The models module defines data structures for representing various components of the OAI-PMH protocol.

This module includes classes that encapsulate different entities in OAI-PMH, such as resumption tokens and various types of OAI items. These classes provide structured representations of OAI-PMH elements, facilitating their manipulation and processing in client applications.

Classes:

Name Description
ResumptionToken

Represents a resumption token used in OAI-PMH for paginated data retrieval.

OAIItem

A base class for generic OAI items.

Identify

Represents an Identify response in OAI-PMH.

Header

Represents an OAI Header element.

Record

Represents an OAI Record element.

Set

Represents an OAI Set element.

MetadataFormat

Represents an OAI MetadataFormat element.

Header

Bases: OAIItem

A class representing an OAI Header in the OAI-PMH protocol.

The header contains essential information about a record, such as its identifier, datestamp, and set specifications. This class parses these details from the provided XML header element and makes them easily accessible as attributes.

Parameters:

Name Type Description Default
header_element _Element

The XML element representing the OAI header.

required

Attributes:

Name Type Description
deleted

Indicates whether the record is marked as deleted in the OAI-PMH repository.

identifier

The unique identifier of the record in the OAI-PMH repository.

datestamp

The datestamp of the record, indicating when it was last updated.

setSpecs

A list of set specifications that the record belongs to.

Source code in src/oaipmh_scythe/models.py
class Header(OAIItem):
    """A class representing an OAI Header in the OAI-PMH protocol.

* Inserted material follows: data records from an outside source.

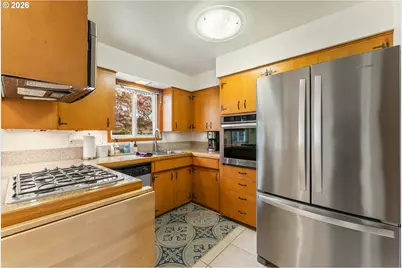 3431 NE 132nd Ave, Portland, OR 97230 - Photo 11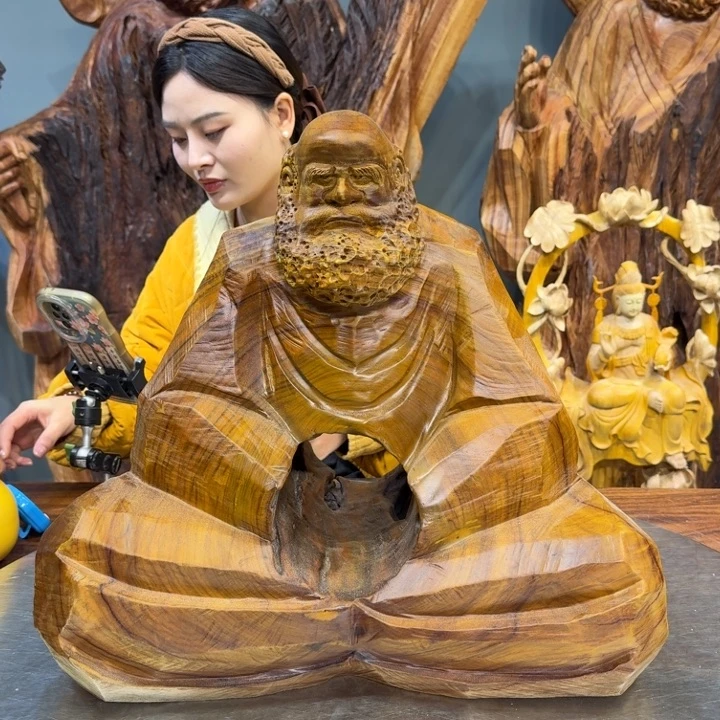 隐***藏香樟木长888888888888888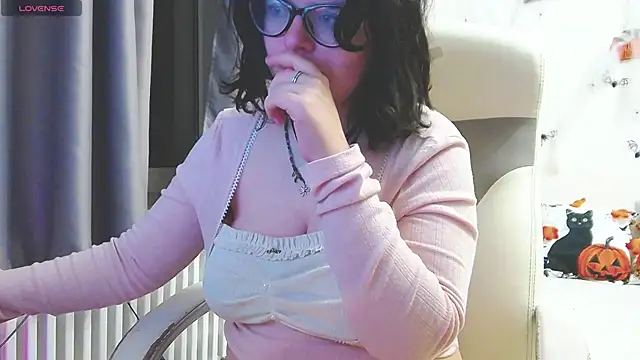 Snapshot of MilisaSweet777 chatting on November 1, 8:33 pm MilisaSweet777 online show from November 1, 8:33 pm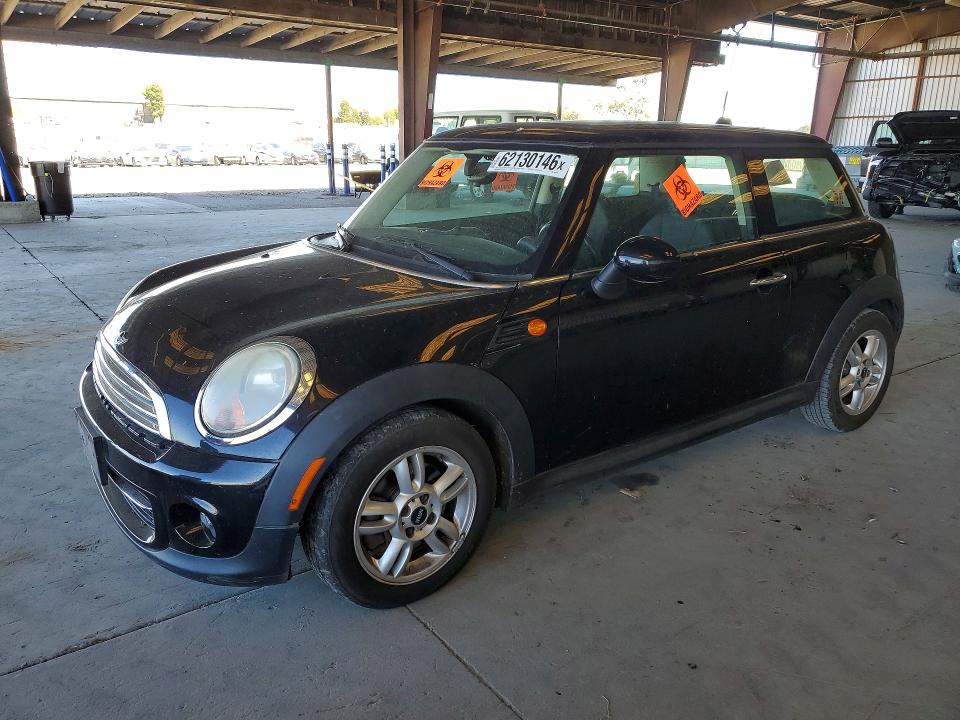 2011 Mini Cooper VIN WMWSU3C5XBT092979 COPART salvage auction — MINOR DENT/SCRATCHES, CA - DIS/DLR/EXP ONLY CLEAN TITLE, sold $375 on 2026-07-27 (photo 1)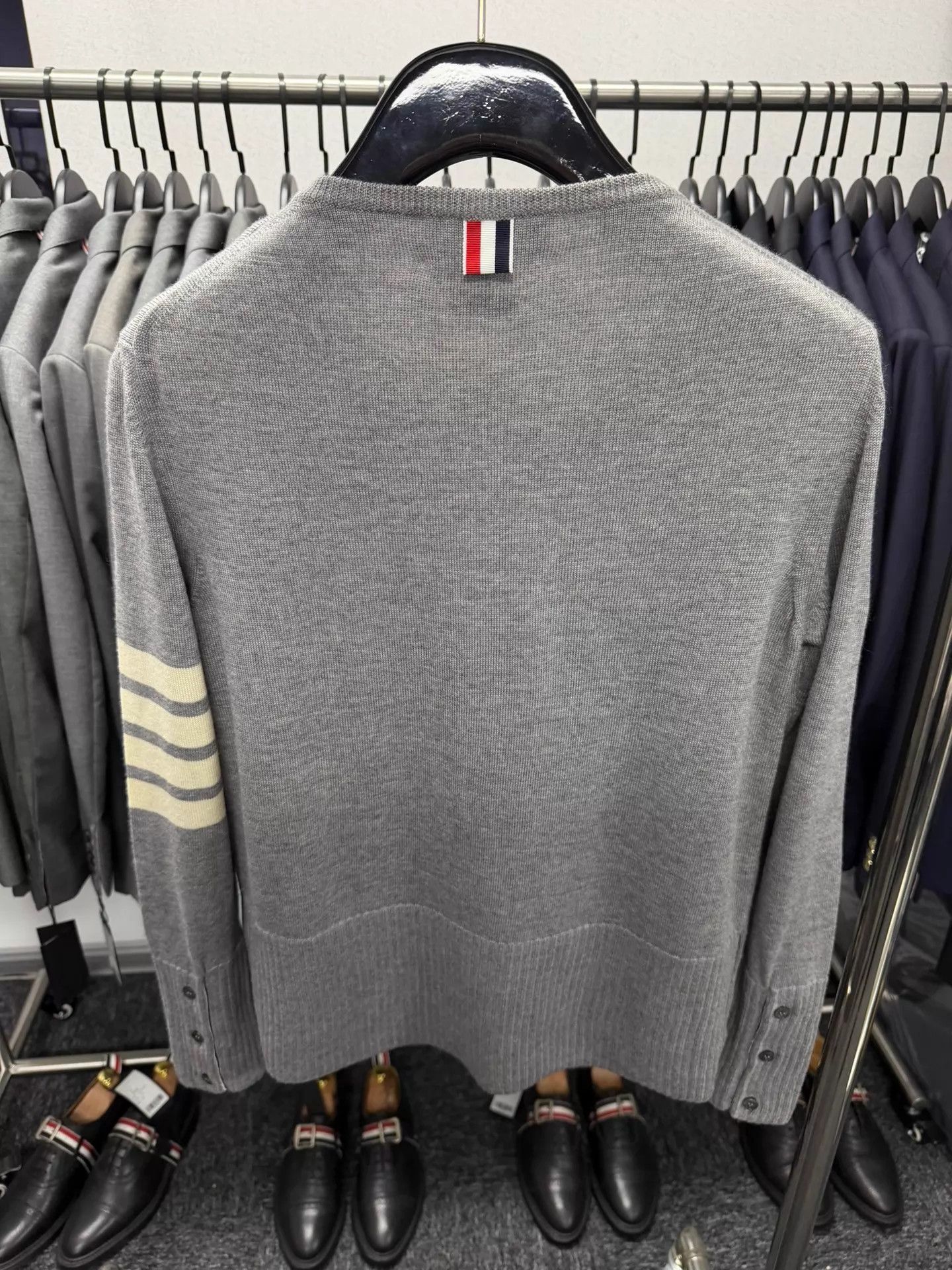 Thom Browne Thom Browne Women's Wool Cardigan Two-Tone Light Gray Size40 Size S / US 4 / IT 40 - 2 Thumbnail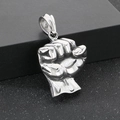 Dettaglio ravvicinato di un ciondolo a forma di pugno d'argento solido da uomo - Ciondolo / Ciondolo Argento Solo (KP130735-KJX)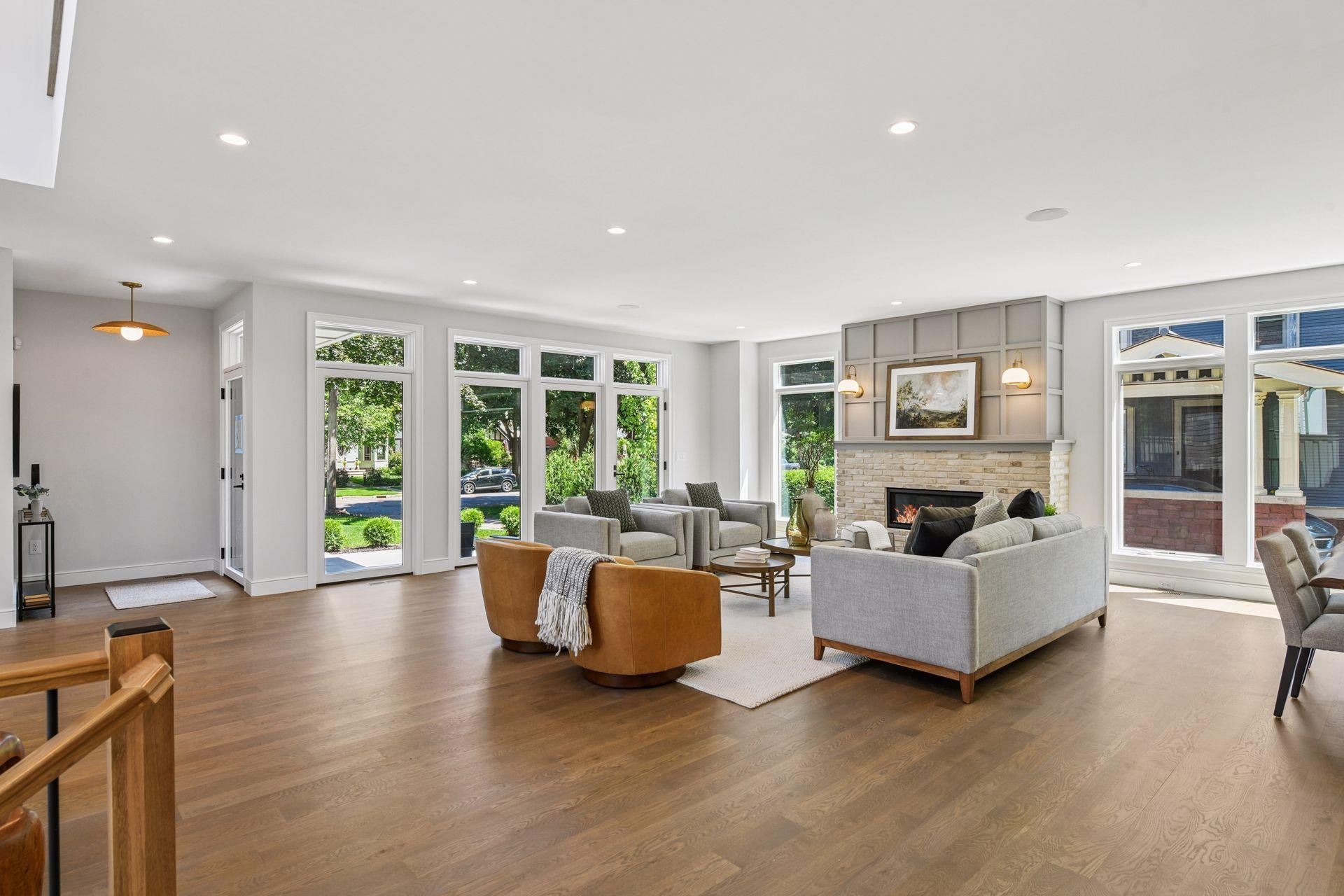 1984 Kenwood Parkway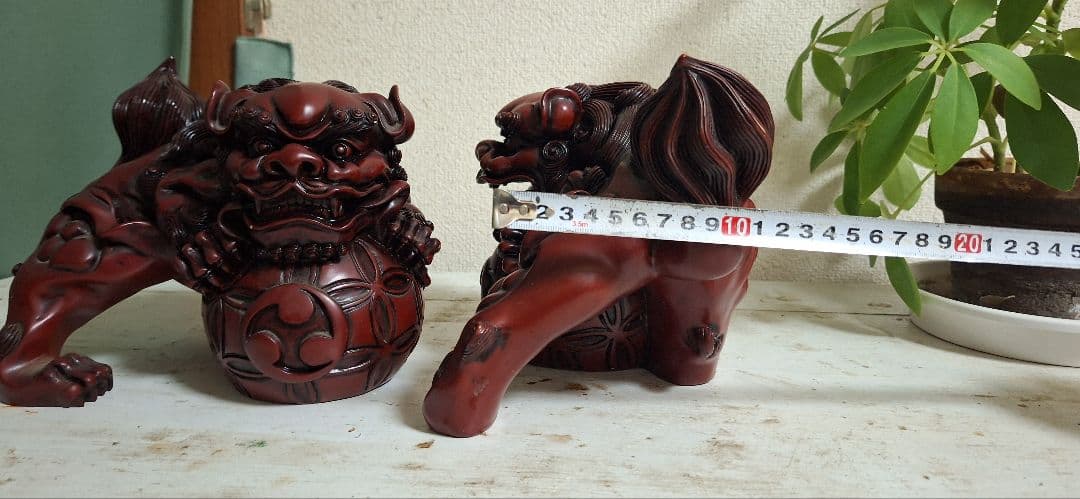 玉乗りシーサー　獅子　魔よけ　玉乗り獅子置物 開運 魔除け 縁起物 骨董品　沖縄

    The header contains essential information about a record, such as its identifier, datestamp,
    and set specifications. This class parses these details from the provided XML header element
    and makes them easily accessible as attributes.

    Args:
        header_element: The XML element representing the OAI header.

    Attributes:
        deleted: Indicates whether the record is marked as deleted in the OAI-PMH repository.
        identifier: The unique identifier of the record in the OAI-PMH repository.
        datestamp: The datestamp of the record, indicating when it was last updated.
        setSpecs: A list of set specifications that the record belongs to.
    """

    def __init__(self, header_element: etree._Element) -> None:
        super().__init__(header_element, strip_ns=True)
        self.deleted = self.xml.attrib.get("status") == "deleted"
        _identifier_element = self.xml.find(f"{self._oai_namespace}identifier")
        _datestamp_element = self.xml.find(f"{self._oai_namespace}datestamp")

        self.identifier = getattr(_identifier_element, "text", None)
        self.datestamp = getattr(_datestamp_element, "text", None)
        self.setSpecs = [setSpec.text for setSpec in self.xml.findall(f"{self._oai_namespace}setSpec")]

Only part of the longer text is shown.